Assigned task >> Your answer should be the data below, reproduced with nothing changed.

Stored entries:
--------

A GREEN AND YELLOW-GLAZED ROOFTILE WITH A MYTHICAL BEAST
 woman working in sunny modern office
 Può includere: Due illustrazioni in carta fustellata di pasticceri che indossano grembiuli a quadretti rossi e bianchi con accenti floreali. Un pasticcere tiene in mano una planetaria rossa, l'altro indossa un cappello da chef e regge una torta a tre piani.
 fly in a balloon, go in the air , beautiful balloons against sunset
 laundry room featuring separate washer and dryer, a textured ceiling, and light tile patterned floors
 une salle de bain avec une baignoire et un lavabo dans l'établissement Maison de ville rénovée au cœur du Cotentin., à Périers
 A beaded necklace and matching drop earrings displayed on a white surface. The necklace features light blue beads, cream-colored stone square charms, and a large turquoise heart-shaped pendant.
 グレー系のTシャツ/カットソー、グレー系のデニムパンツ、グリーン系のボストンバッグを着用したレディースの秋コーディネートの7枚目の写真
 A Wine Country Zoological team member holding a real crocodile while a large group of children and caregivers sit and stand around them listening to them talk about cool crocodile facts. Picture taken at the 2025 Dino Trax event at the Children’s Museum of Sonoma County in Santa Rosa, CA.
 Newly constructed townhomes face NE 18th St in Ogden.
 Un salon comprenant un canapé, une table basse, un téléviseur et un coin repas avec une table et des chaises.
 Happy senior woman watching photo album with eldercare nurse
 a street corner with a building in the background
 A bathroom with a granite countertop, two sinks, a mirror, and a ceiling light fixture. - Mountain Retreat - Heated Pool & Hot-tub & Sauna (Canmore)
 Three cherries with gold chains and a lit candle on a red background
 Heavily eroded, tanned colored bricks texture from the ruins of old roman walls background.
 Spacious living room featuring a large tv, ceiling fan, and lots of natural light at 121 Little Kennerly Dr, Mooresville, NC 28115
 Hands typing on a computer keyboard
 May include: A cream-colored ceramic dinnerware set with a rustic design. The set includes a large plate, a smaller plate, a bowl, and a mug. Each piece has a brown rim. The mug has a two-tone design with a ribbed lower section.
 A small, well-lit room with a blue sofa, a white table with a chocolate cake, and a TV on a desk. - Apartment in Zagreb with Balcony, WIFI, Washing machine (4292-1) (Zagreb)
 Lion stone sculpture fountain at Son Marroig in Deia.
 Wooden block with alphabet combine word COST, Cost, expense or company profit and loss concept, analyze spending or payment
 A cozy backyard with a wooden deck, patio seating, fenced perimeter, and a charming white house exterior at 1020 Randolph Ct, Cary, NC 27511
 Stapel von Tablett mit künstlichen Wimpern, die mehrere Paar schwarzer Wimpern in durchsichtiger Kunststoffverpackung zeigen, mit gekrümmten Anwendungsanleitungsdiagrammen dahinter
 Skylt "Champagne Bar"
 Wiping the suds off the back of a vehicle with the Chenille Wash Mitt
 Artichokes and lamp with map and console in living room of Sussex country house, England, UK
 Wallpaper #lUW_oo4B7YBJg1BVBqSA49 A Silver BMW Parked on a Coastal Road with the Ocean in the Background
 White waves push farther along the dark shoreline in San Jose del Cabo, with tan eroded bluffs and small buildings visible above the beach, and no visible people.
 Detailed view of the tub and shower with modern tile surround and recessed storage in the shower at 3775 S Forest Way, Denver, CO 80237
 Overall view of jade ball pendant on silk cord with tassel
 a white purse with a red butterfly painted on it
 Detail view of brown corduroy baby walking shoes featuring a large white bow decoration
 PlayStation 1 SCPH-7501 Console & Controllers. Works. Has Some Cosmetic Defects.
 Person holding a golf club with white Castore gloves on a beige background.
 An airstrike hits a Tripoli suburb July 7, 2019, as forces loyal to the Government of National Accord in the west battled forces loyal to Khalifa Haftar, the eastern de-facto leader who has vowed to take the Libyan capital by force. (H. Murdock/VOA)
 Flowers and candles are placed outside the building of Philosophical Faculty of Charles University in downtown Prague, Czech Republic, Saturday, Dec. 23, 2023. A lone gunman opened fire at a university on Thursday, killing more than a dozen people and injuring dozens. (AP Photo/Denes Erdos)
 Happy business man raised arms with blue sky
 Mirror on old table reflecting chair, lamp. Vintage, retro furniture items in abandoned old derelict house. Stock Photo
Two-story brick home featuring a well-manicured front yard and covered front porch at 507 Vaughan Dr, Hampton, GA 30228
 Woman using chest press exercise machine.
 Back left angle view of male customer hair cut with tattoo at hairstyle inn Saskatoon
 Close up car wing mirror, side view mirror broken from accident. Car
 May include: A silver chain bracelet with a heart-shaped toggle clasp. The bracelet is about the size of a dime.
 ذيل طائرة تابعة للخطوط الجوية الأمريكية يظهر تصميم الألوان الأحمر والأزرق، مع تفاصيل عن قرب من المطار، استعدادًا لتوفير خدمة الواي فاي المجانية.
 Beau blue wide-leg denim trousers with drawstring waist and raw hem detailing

--------

Result below >>
A GREEN AND YELLOW-GLAZED ROOFTILE WITH A MYTHICAL BEAST
 woman working in sunny modern office
 Può includere: Due illustrazioni in carta fustellata di pasticceri che indossano grembiuli a quadretti rossi e bianchi con accenti floreali. Un pasticcere tiene in mano una planetaria rossa, l'altro indossa un cappello da chef e regge una torta a tre piani.
 fly in a balloon, go in the air , beautiful balloons against sunset
 laundry room featuring separate washer and dryer, a textured ceiling, and light tile patterned floors
 une salle de bain avec une baignoire et un lavabo dans l'établissement Maison de ville rénovée au cœur du Cotentin., à Périers
 A beaded necklace and matching drop earrings displayed on a white surface. The necklace features light blue beads, cream-colored stone square charms, and a large turquoise heart-shaped pendant.
 グレー系のTシャツ/カットソー、グレー系のデニムパンツ、グリーン系のボストンバッグを着用したレディースの秋コーディネートの7枚目の写真
 A Wine Country Zoological team member holding a real crocodile while a large group of children and caregivers sit and stand around them listening to them talk about cool crocodile facts. Picture taken at the 2025 Dino Trax event at the Children’s Museum of Sonoma County in Santa Rosa, CA.
 Newly constructed townhomes face NE 18th St in Ogden.
 Un salon comprenant un canapé, une table basse, un téléviseur et un coin repas avec une table et des chaises.
 Happy senior woman watching photo album with eldercare nurse
 a street corner with a building in the background
 A bathroom with a granite countertop, two sinks, a mirror, and a ceiling light fixture. - Mountain Retreat - Heated Pool & Hot-tub & Sauna (Canmore)
 Three cherries with gold chains and a lit candle on a red background
 Heavily eroded, tanned colored bricks texture from the ruins of old roman walls background.
 Spacious living room featuring a large tv, ceiling fan, and lots of natural light at 121 Little Kennerly Dr, Mooresville, NC 28115
 Hands typing on a computer keyboard
 May include: A cream-colored ceramic dinnerware set with a rustic design. The set includes a large plate, a smaller plate, a bowl, and a mug. Each piece has a brown rim. The mug has a two-tone design with a ribbed lower section.
 A small, well-lit room with a blue sofa, a white table with a chocolate cake, and a TV on a desk. - Apartment in Zagreb with Balcony, WIFI, Washing machine (4292-1) (Zagreb)
 Lion stone sculpture fountain at Son Marroig in Deia.
 Wooden block with alphabet combine word COST, Cost, expense or company profit and loss concept, analyze spending or payment
 A cozy backyard with a wooden deck, patio seating, fenced perimeter, and a charming white house exterior at 1020 Randolph Ct, Cary, NC 27511
 Stapel von Tablett mit künstlichen Wimpern, die mehrere Paar schwarzer Wimpern in durchsichtiger Kunststoffverpackung zeigen, mit gekrümmten Anwendungsanleitungsdiagrammen dahinter
 Skylt "Champagne Bar"
 Wiping the suds off the back of a vehicle with the Chenille Wash Mitt
 Artichokes and lamp with map and console in living room of Sussex country house, England, UK
 Wallpaper #lUW_oo4B7YBJg1BVBqSA49 A Silver BMW Parked on a Coastal Road with the Ocean in the Background
 White waves push farther along the dark shoreline in San Jose del Cabo, with tan eroded bluffs and small buildings visible above the beach, and no visible people.
 Detailed view of the tub and shower with modern tile surround and recessed storage in the shower at 3775 S Forest Way, Denver, CO 80237
 Overall view of jade ball pendant on silk cord with tassel
 a white purse with a red butterfly painted on it
 Detail view of brown corduroy baby walking shoes featuring a large white bow decoration
 PlayStation 1 SCPH-7501 Console & Controllers. Works. Has Some Cosmetic Defects.
 Person holding a golf club with white Castore gloves on a beige background.
 An airstrike hits a Tripoli suburb July 7, 2019, as forces loyal to the Government of National Accord in the west battled forces loyal to Khalifa Haftar, the eastern de-facto leader who has vowed to take the Libyan capital by force. (H. Murdock/VOA)
 Flowers and candles are placed outside the building of Philosophical Faculty of Charles University in downtown Prague, Czech Republic, Saturday, Dec. 23, 2023. A lone gunman opened fire at a university on Thursday, killing more than a dozen people and injuring dozens. (AP Photo/Denes Erdos)
 Happy business man raised arms with blue sky
 Mirror on old table reflecting chair, lamp. Vintage, retro furniture items in abandoned old derelict house. Stock Photo
Two-story brick home featuring a well-manicured front yard and covered front porch at 507 Vaughan Dr, Hampton, GA 30228
 Woman using chest press exercise machine.
 Back left angle view of male customer hair cut with tattoo at hairstyle inn Saskatoon
 Close up car wing mirror, side view mirror broken from accident. Car
 May include: A silver chain bracelet with a heart-shaped toggle clasp. The bracelet is about the size of a dime.
 ذيل طائرة تابعة للخطوط الجوية الأمريكية يظهر تصميم الألوان الأحمر والأزرق، مع تفاصيل عن قرب من المطار، استعدادًا لتوفير خدمة الواي فاي المجانية.
 Beau blue wide-leg denim trousers with drawstring waist and raw hem detailing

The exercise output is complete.